Rod Serling's Looking Down

I received an email from my college buddy, Tom, asking if I had heard about the passing of Wayne Pegram. Tom didn't know any details, so I contacted a friend on the faculty of Tennessee Tech, from which Wayne had retired. Wayne had attended Tech as an undergrad and was a music department legend when I started there; stories were told of his escapades as a saxophonist with the Troubadours big band. He went on to make his mark as a high school band director, then as assistant director of the University of Tennessee Pride of the Southland Band, then as Director of Bands at Tech. He was playing tenor again with some jazz groups; I got to jam with him once or twice when I was visiting there.

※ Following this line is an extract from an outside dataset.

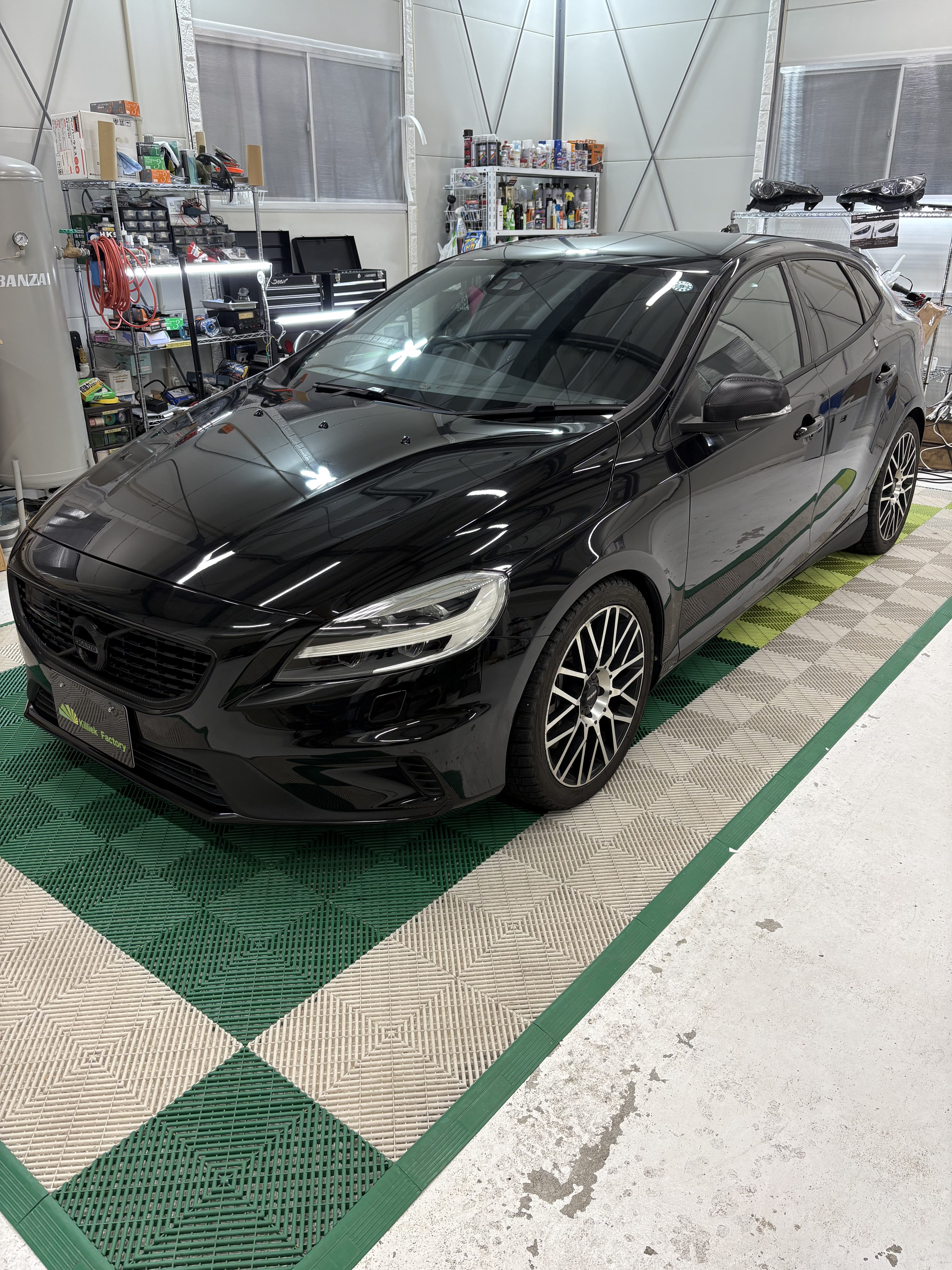 VOLVO V40 レインモール カーボンフィルム施工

A month or so after I heard from Tom, I was at a rehearsal with one of the bands I play with, the music of Dick Cary, who played piano with Louis Armstrong for many years. Dick also played trumpet and alto horn, and left a legacy of several thousand arrangements for various sized groups. On this particular night, my friend Jim, whom I hadn't seen for quite a while, was subbing on tenor sax. Jim said he had met a friend of mine from Tennessee in Singapore Airport. He couldn't recall my friend's name, but he had said he was on his way to Indonesia for his son's wedding. They met the way musicians do, with this stranger seeing Jim's tenor case and striking up a conversation, which led to his asking where Jim was from (Los Angeles) and did he by chance know Les Benedict. I finally figured out that Jim had met Wayne.

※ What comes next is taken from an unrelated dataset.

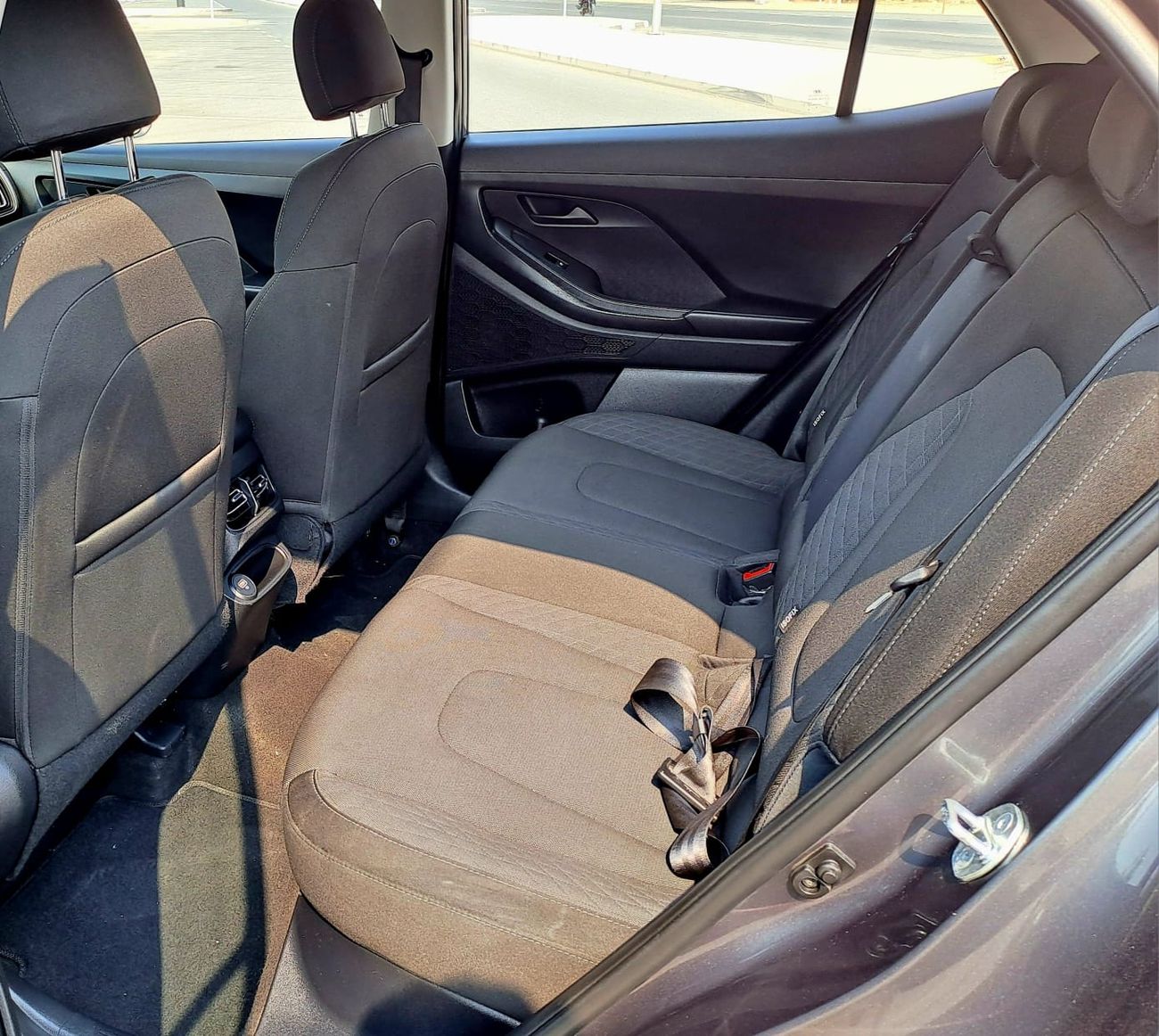 هيونداي كريتا Mid 1.6L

The irony of this, the Twilight Zone Moment, is that Jim was telling me in present tense of meeting Wayne, when I already knew that Wayne was gone. Wayne made it to Indonesia, but had a heart attack in the car on the way to the wedding and died. Jim had no idea of Wayne's demise and was shocked at how the story unfolded. This is yet another "isn't it a small world" story, but with a strange twist at the end. [cue the theme music--doo-doo-doo-doo...]

Wayne will be missed, but certainly not forgotten.


Paul Shirley said...

Very nicely done blog, Les. I never met Wayne, but we corresponded for a while. He was working on an audio anthology of the Troubadours. They go by a different name today, I believe. I wonder if he finished it. He had never heard or received the first recording we had made at Austin Peay and said he would include the copy I sent him. Wayne had the original tape made in RCA Studio B in May '59 of "Like Beat." I hope it has been preserved digitally or by some other appropriate means. The RCA engineer, Bill Porter, who did the job was a new hire at the time and went on to record Elvis' hits and the Everly Brothers etal. I read an interview of Porter where he said his experimentation during that session with the Tech Troubadours was the first example of the "Nashville Sound," which he attributed to his unique microphone placement, particularly on the drums, giving a more intimate sound. So, the album and the tape(s) are a bit of history according to Porter. Your trivia for the day.

Andy Corum said...

Mr. Shirley,

I found the studio tape of "Like Beat" as a student at TTU in the mid 1990's. It was in two boxes in storage - one had the name "W J Julin" in pencil. Dr. Pegram had concluded that it was the one off studio master copy that was handed to Julian when they finished the album. I managed to get it to DAT and eventually to CD. Unlike the original album - it's in stereo.

Dr. Pegram was my hero, mentor, colleague and friend. I miss him every day. We have formed a Troubadour alumni band - I'd love to hear from you.